### TASK MATERIAL
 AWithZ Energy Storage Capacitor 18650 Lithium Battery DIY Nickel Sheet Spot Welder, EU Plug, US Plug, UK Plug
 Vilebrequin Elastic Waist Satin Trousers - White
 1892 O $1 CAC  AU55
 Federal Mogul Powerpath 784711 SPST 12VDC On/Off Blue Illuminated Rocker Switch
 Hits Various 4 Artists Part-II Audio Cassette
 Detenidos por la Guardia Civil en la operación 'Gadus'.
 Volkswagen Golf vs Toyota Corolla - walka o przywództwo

* * *

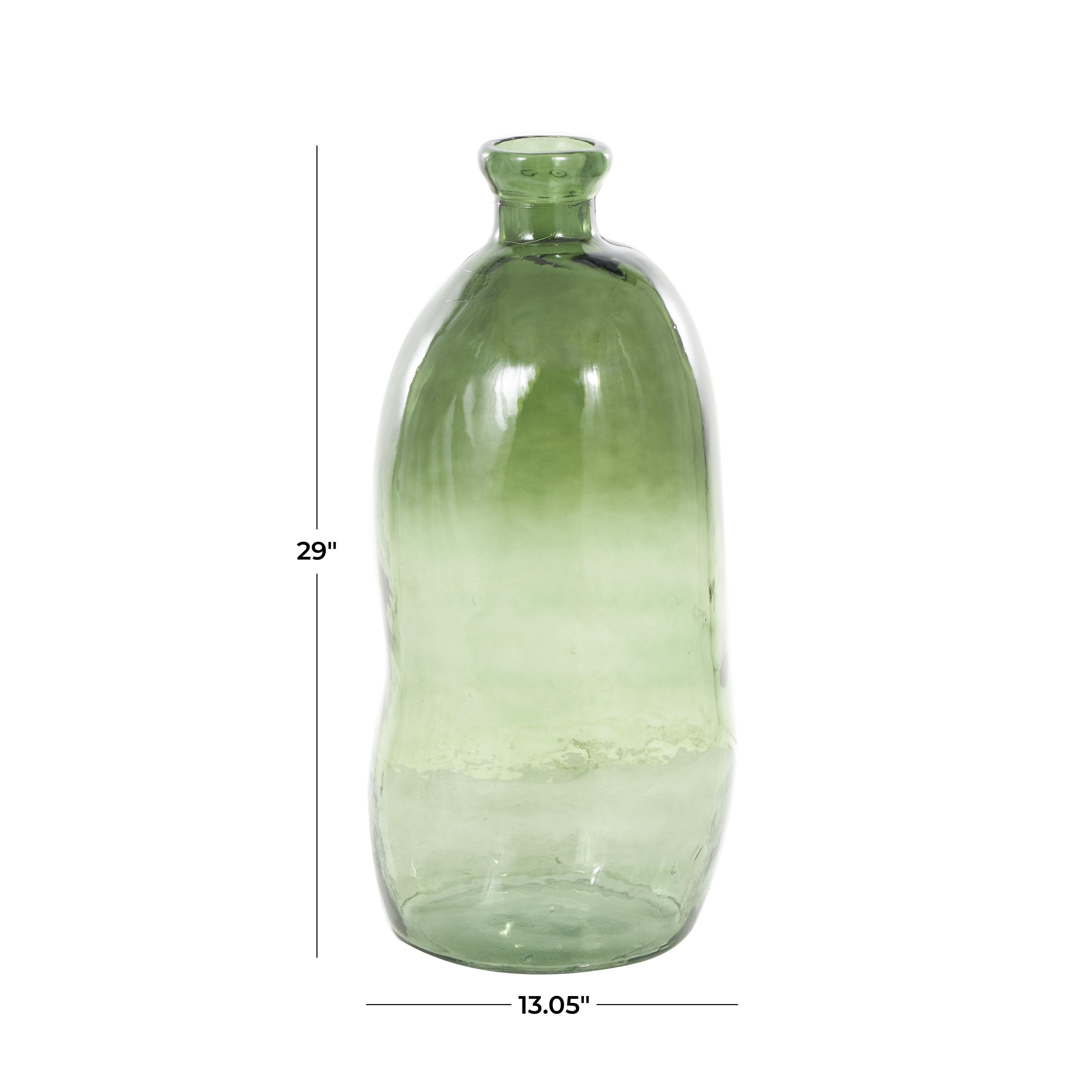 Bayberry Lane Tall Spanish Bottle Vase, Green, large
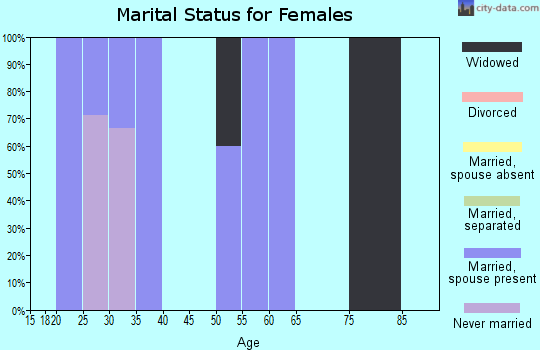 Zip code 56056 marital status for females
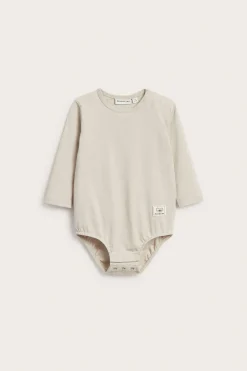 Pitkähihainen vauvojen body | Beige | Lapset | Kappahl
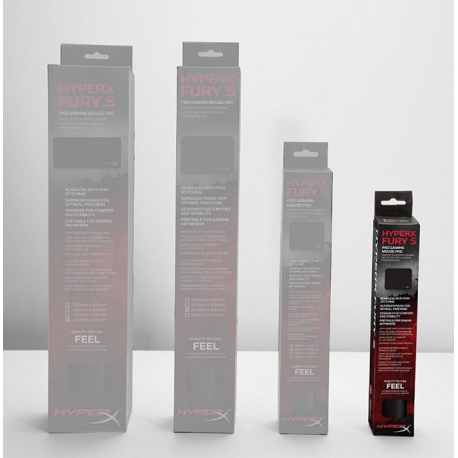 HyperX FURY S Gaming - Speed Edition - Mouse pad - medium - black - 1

### WORK TASK
From the material above, set down exactly the lines starting at the one with "Federal Mogul Powerpath" and ending at the one with "Volkswagen Golf vs", end lines included.

### WRITTEN REPLY
 Federal Mogul Powerpath 784711 SPST 12VDC On/Off Blue Illuminated Rocker Switch
 Hits Various 4 Artists Part-II Audio Cassette
 Detenidos por la Guardia Civil en la operación 'Gadus'.
 Volkswagen Golf vs Toyota Corolla - walka o przywództwo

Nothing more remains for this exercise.